──────── Material provided
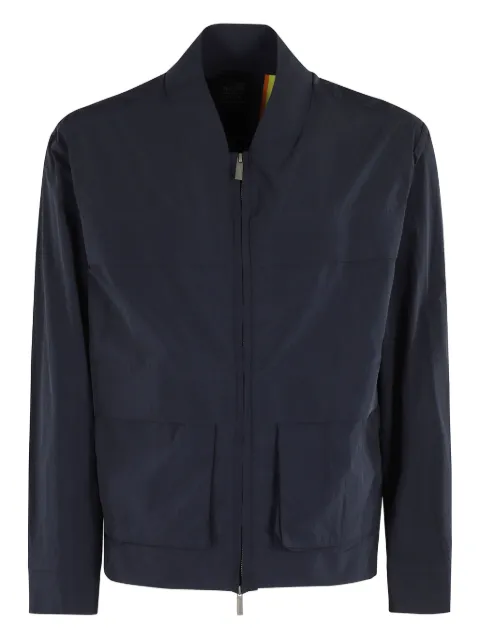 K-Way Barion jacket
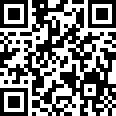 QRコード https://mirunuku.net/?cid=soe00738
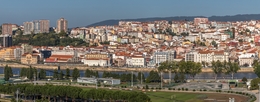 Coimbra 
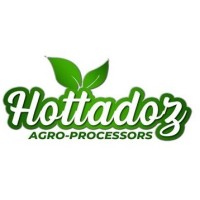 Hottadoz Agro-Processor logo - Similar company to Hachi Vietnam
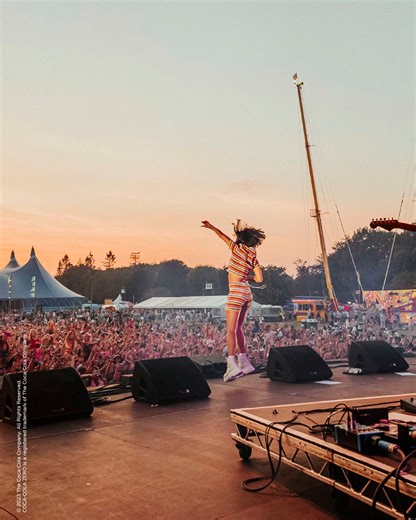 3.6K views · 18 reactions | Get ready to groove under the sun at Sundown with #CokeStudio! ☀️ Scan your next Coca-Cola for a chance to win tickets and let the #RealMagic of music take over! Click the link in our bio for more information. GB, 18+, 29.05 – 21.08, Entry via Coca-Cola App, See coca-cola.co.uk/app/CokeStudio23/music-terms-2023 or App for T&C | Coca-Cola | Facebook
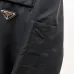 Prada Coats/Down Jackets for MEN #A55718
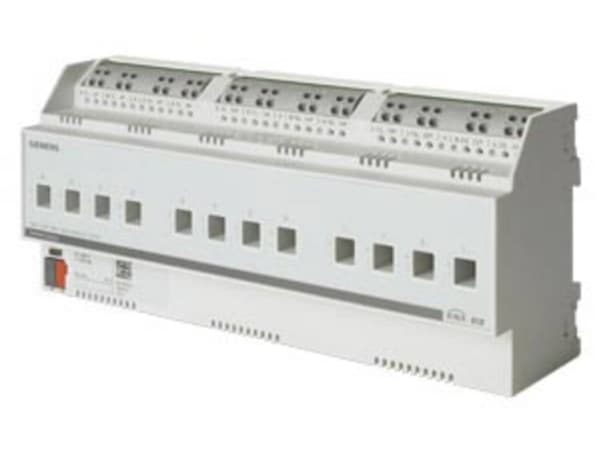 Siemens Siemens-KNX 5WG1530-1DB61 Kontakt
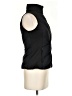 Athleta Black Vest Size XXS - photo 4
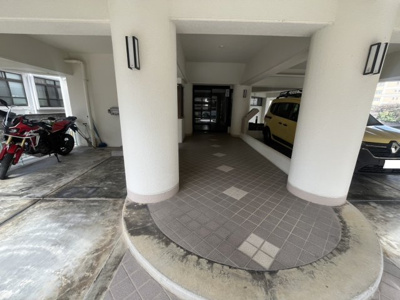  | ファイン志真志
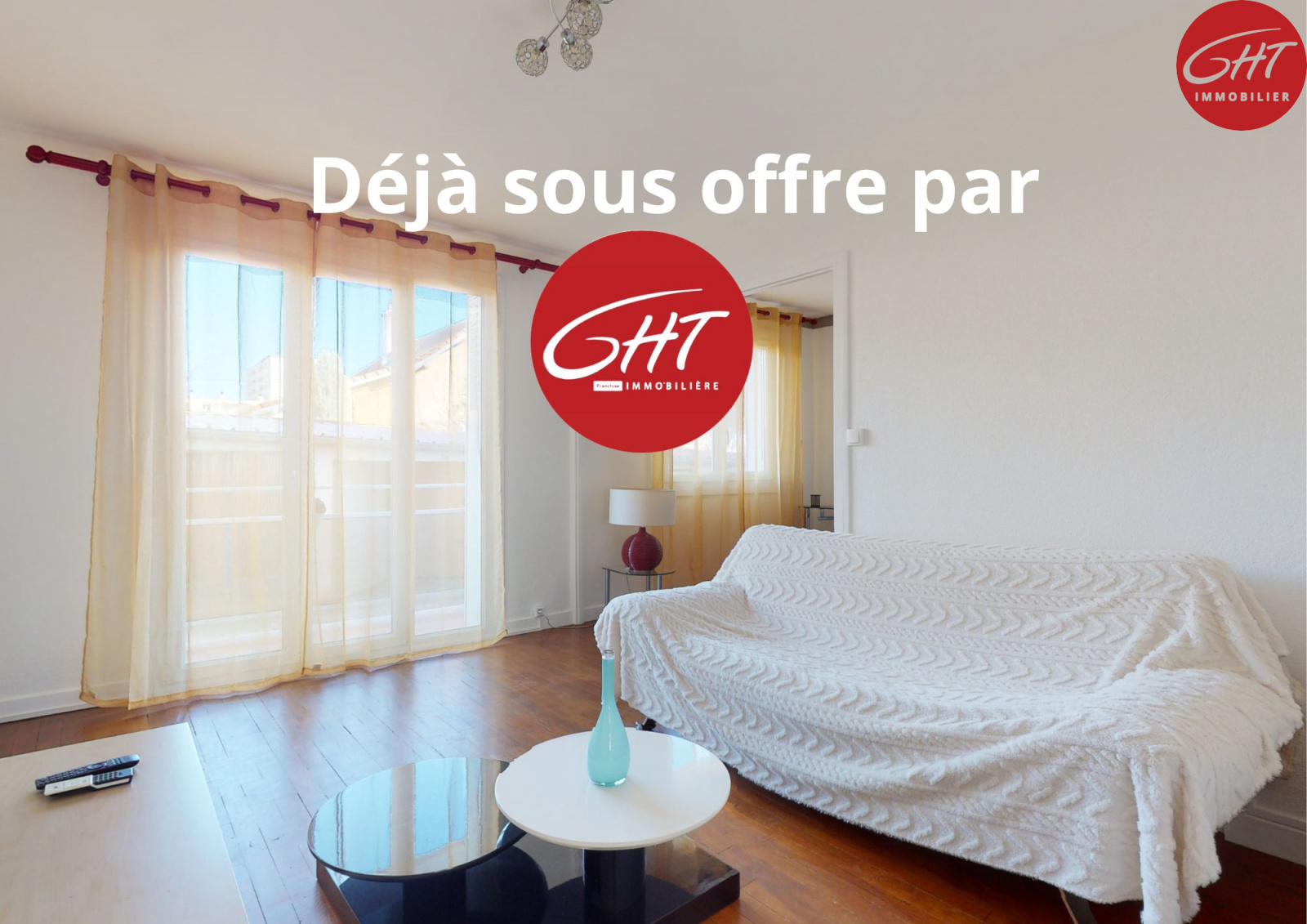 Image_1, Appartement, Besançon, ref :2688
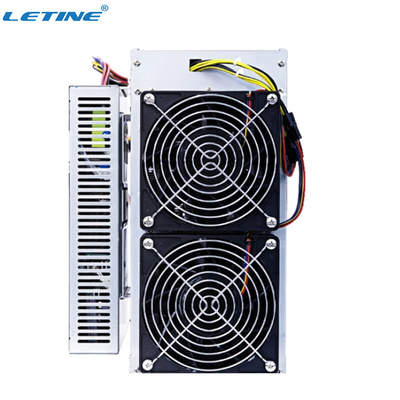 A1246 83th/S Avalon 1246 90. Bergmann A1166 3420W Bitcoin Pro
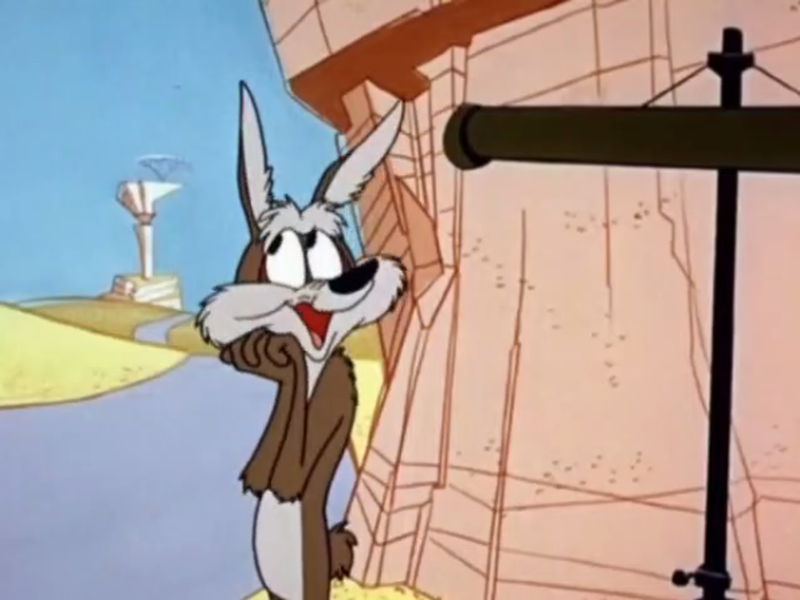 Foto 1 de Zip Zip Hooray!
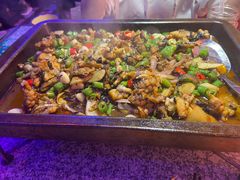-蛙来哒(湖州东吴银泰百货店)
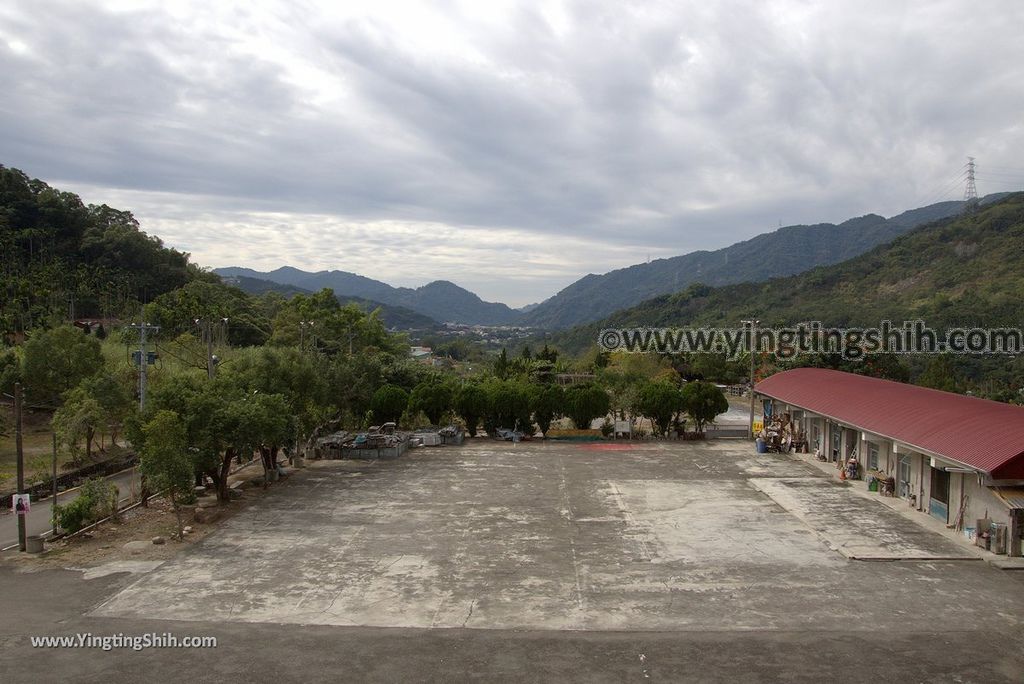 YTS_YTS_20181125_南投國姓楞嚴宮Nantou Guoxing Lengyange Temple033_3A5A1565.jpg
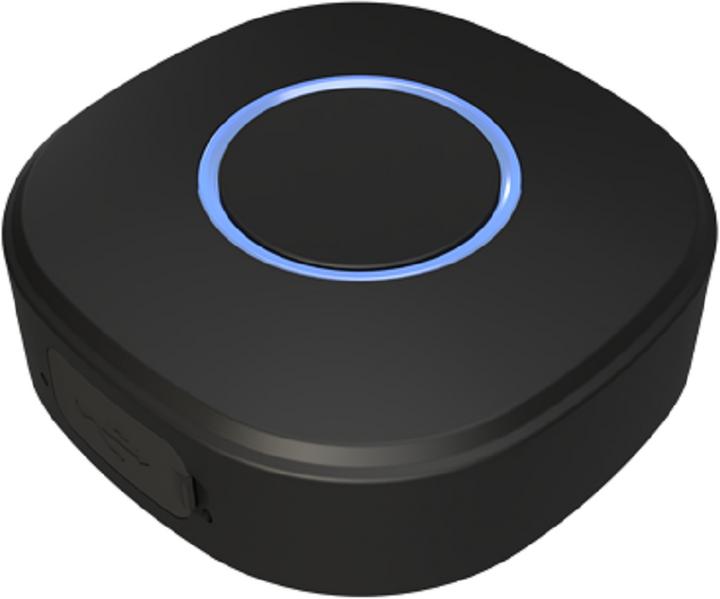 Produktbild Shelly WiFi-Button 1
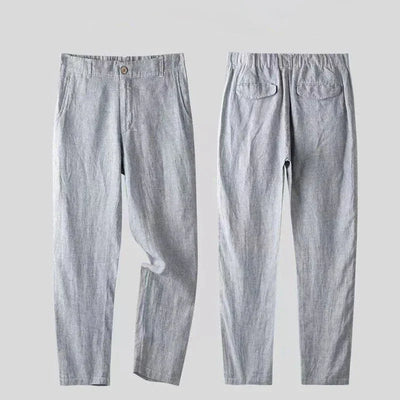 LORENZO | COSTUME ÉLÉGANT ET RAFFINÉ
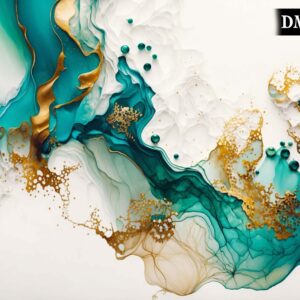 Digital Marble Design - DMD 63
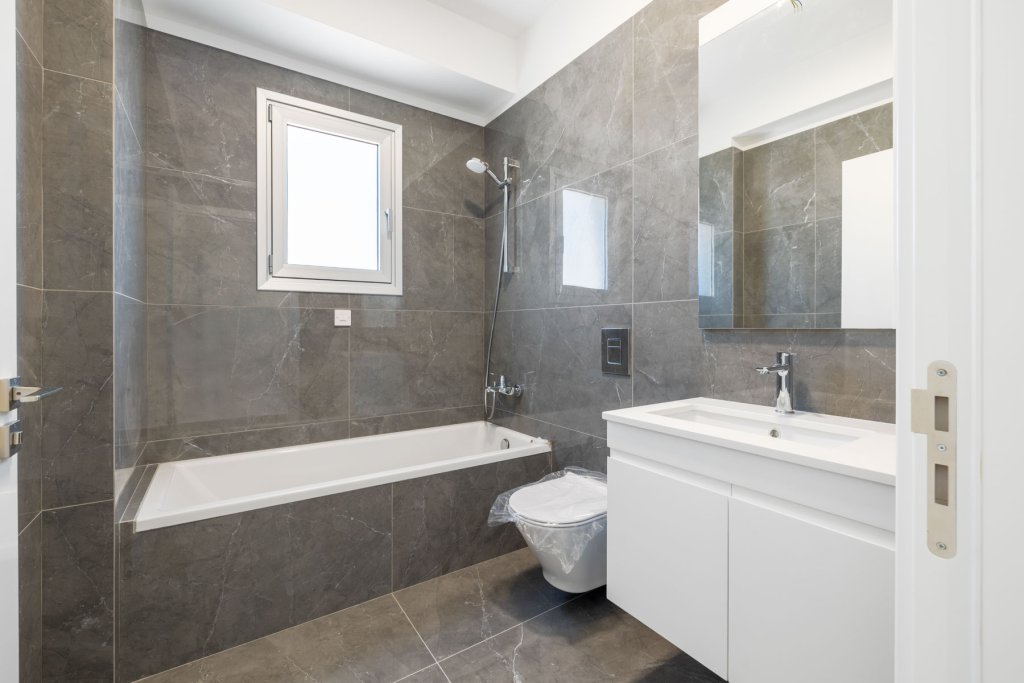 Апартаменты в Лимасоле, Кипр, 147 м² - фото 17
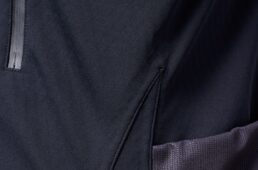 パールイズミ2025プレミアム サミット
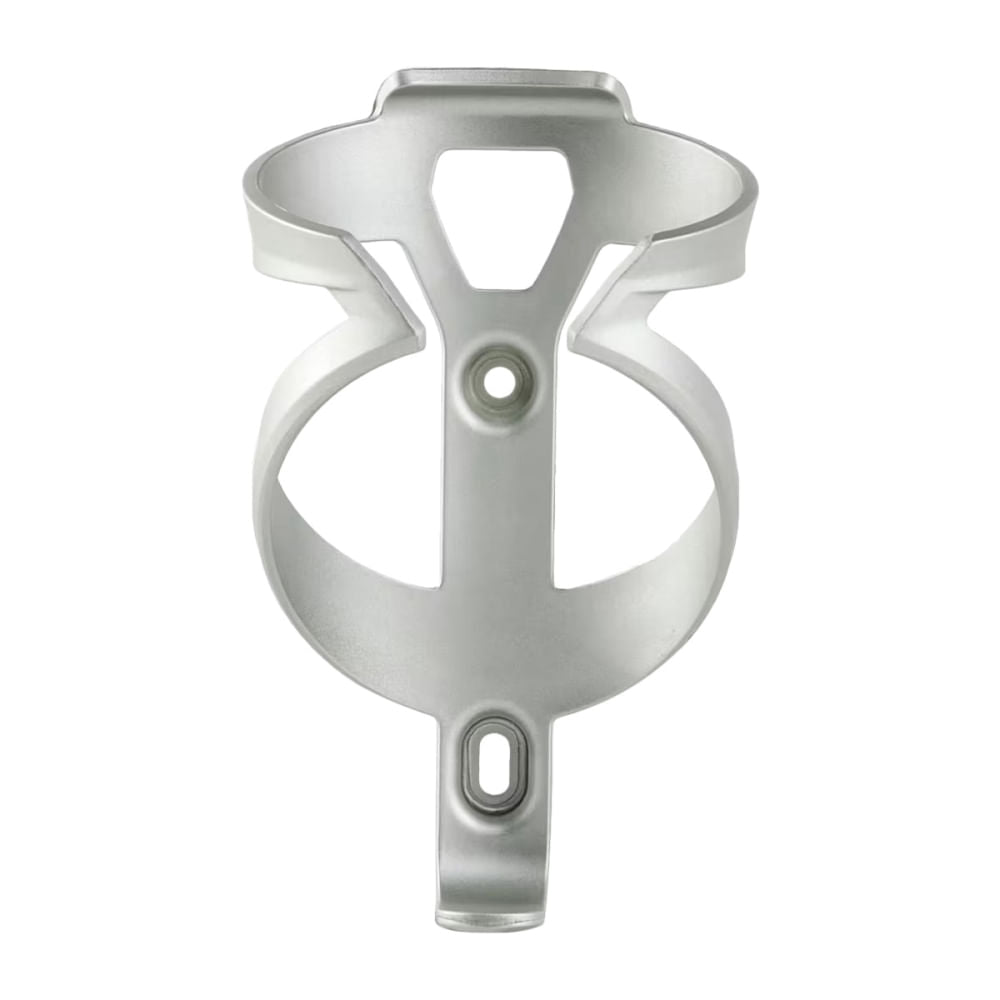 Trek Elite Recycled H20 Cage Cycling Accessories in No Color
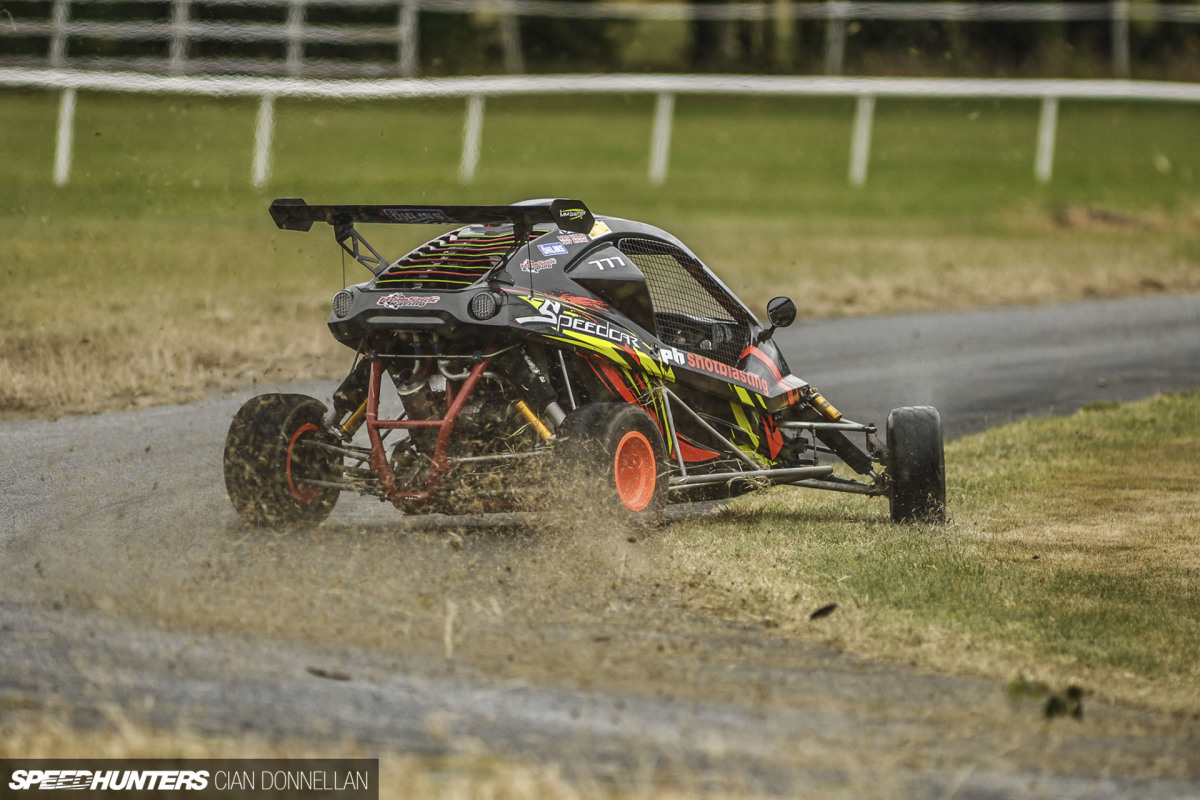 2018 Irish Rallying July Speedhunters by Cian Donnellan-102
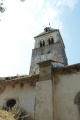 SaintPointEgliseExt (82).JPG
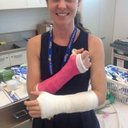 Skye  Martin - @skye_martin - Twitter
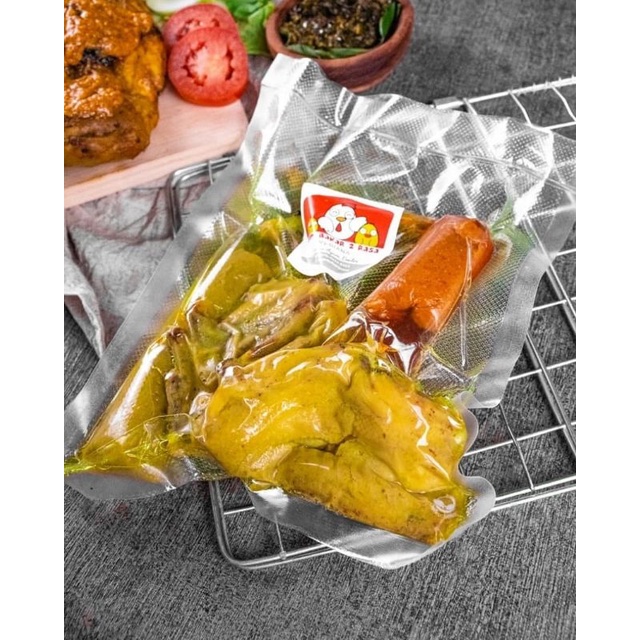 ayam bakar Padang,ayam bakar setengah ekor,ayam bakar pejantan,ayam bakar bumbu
────────────────
Would you please reproduce the entries above, starting at the line with "-蛙来哒(湖州东吴银泰百货店)" and stopping after the line with "SaintPointEgliseExt (82).JPG"? Omit any pictures.

**Exercise result:**
-蛙来哒(湖州东吴银泰百货店)
 YTS_YTS_20181125_南投國姓楞嚴宮Nantou Guoxing Lengyange Temple033_3A5A1565.jpg
 Produktbild Shelly WiFi-Button 1
 LORENZO | COSTUME ÉLÉGANT ET RAFFINÉ
 Digital Marble Design - DMD 63
 Апартаменты в Лимасоле, Кипр, 147 м² - фото 17
 パールイズミ2025プレミアム サミット
 Trek Elite Recycled H20 Cage Cycling Accessories in No Color
 2018 Irish Rallying July Speedhunters by Cian Donnellan-102
 SaintPointEgliseExt (82).JPG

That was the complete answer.